= Action item =
Copy the records word for word. Pictures do not go in.

------------------------------------------------------------

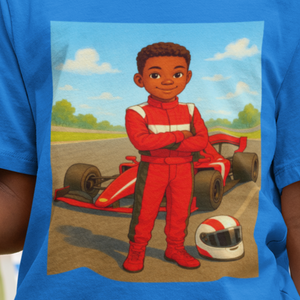 Race Car Driver T-Shirt (African American / Black Boy)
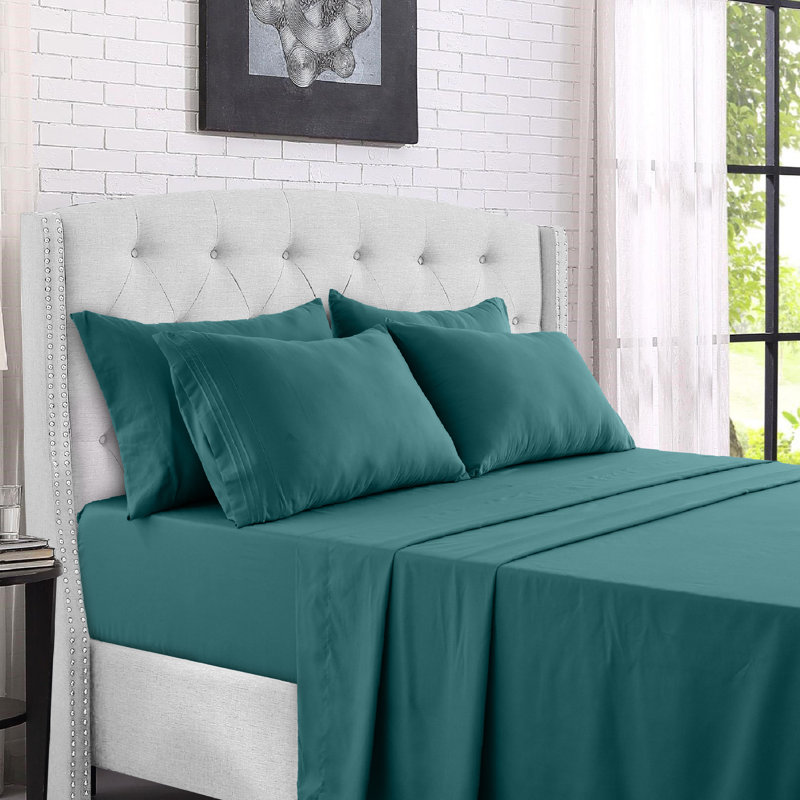 Ensemble de literie en microfibre 1800 Series, Bleu sarcelle, Ensemble de draps pour très grand lit californien
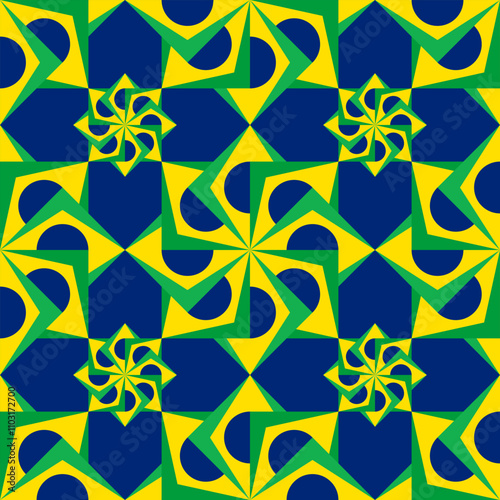 brazil flag flower pattern. vector illustration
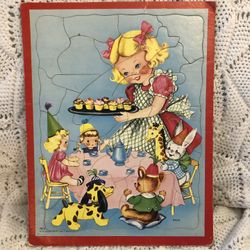 Vintage tray puzzle picture, girl playtime tea party w/ toy animals 12x15.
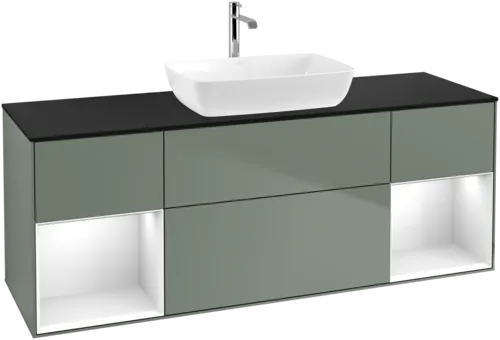 Bild von VILLEROY BOCH Finion Waschbeckenunterschrank, mit Beleuchtung, 4 Auszüge, 1600 x 603 x 501 mm, Olive Matt Lacquer / Glossy White Lacquer / Glass Black Matt #F862GFGM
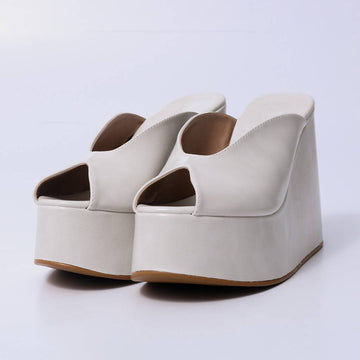 Isa – Tamanco Feminino Plataforma Anabela Peep Toe Off White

------------------------------------------------------------

= Output for this task =
 Race Car Driver T-Shirt (African American / Black Boy)
 Ensemble de literie en microfibre 1800 Series, Bleu sarcelle, Ensemble de draps pour très grand lit californien
 brazil flag flower pattern. vector illustration
 Vintage tray puzzle picture, girl playtime tea party w/ toy animals 12x15.
 Bild von VILLEROY BOCH Finion Waschbeckenunterschrank, mit Beleuchtung, 4 Auszüge, 1600 x 603 x 501 mm, Olive Matt Lacquer / Glossy White Lacquer / Glass Black Matt #F862GFGM
 Isa – Tamanco Feminino Plataforma Anabela Peep Toe Off White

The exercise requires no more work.